The program of LG included: (I) warm-up: patients adopted abdominal breathing to adjust breathing and gently stretched the limbs for 5 minutes; (II) sitting and lying Liuzijue exercise: patients performed complete sitting and lying Liuzijue, including six different expiratory tones (“Xu,” “He,” “Hu,” “Si,” “Cui,” “Xi“) and body activities for 20 minutes; (III) relaxation: patients adjusted breathing and relaxed the body for 5 minutes.
During the period of hospitalization, each participant sat and lied to do the Liuzijue exercise, and was completed under the guidance of respiratory doctors. Patients and their families were ensured to master the exercise methods before discharge fully. After leaving the hospital, patients were guided and supervised by daily telephone and weekly family visits. Patients were asked to document their exercise program, including exercise duration, location, intensity, etc.
Outcome measures
Blood gas analysis (pH, PaO2 and PaCO2) was performed before treatment, 3 days, and 5 days after the intervention. Lung function, 6MWD, mMRC, and quality of life were measured before the study and at 3 months. The length of hospital stay, the duration of non-invasive ventilation, and the frequency of acute exacerbations within 6 months after the intervention were also compared. Potential treatment effects were assessed by the frequency of acute exacerbations and quality of life. Acute exacerbation was defined as an unplanned visit to any hospital because of exacerbation of respiratory symptoms. After the intervention, monthly telephone calls evaluated the patient’s status for 6 months. Lung function, 6MWD, mMRC, and quality of life were the primary outcome measures, and the others were secondary outcome measures.
Pulmonary function tests
Pulmonary function tests were performed following the American Thoracic Society/European Respiratory Society (ATS/ERS) guidelines. It was measured at the pulmonary function room of the Hospital of Chengdu University of Traditional Chinese Medicine by respiratory physicians. Each measurement was performed 3 times, and the optimal value was taken.

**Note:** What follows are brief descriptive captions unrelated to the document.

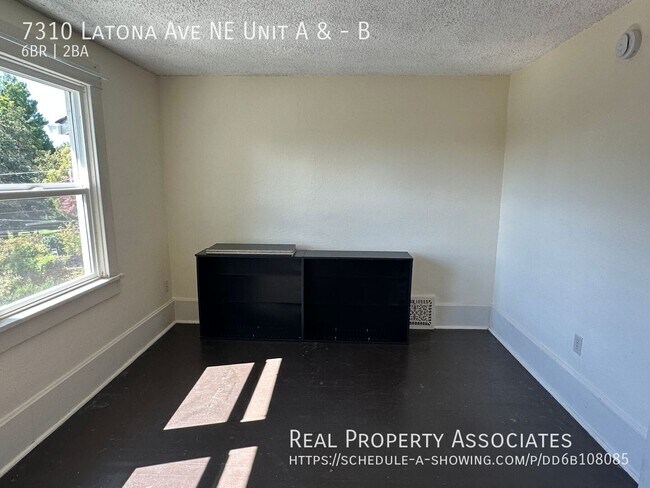Building Photo - 7310 Latona Ave NE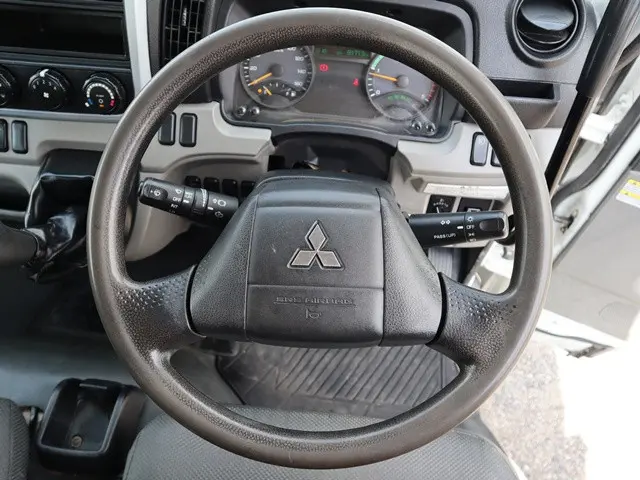 三菱 キャンター TPG-FBA60(2WD)の写真35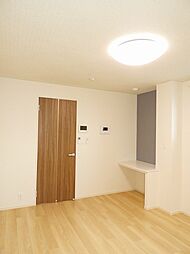 JR可部線 古市橋駅 徒歩8分の賃貸アパート 2階1Kのリビング/ダイニング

6-minute walking test (6MWT)
The 6MWT was tested in the corridor (30 meters long), specially designed by the respiratory department of our hospital. According to the guidelines of ATS, the respiratory doctors observed and recorded the patient’s walking distance of the discomfort. The measurement accuracy was 0.5 m (22).
Respiratory symptoms
The symptoms of dyspnea were evaluated by the Modified Medical Research Council Dyspnea Scales (mMRC). The mMRC was initially proposed by experts in chronic bronchitis and emphysema. After years of application and improvement, mMRC is now commonly used to assess dyspnea in patients with COPD (23). It was divided into 0–4 levels; the higher the level, the more severe the breathing difficulties.
Quality of life
The quality of life was assessed by the St. George’s Respiratory Questionnaire (SGRQ). The questionnaire was divided into 3 dimensions (symptoms, activity, and daily impact), which could well reflect the changes in exercise tolerance and quality of life in COPD patients (24). The total score of the questionnaire ranged from 0 to 100 points. The higher the score, the more severe the illness.
Statistical analysis
The outcome indicators for evaluating lung function in this study were based on 6MWD, which is considered a simple and effective measure to reflect pulmonary rehabilitation. Based on the data used in previous studies (25), 54 m was considered the minimum significant difference between the group means, and the standard deviation (SD) of the measurement was 57 m. PASS calculated the sample size 15.0 with α=0.05 (two sides) and β=0.02 (power 80%). The results showed a minimum sample size of 19 patients in each group. Based on our team’s upfront findings, 30% of patients could be lost, meaning there were at least 25 subjects in each group. 80 patients were finally enrolled to ensure that statistics were feasible.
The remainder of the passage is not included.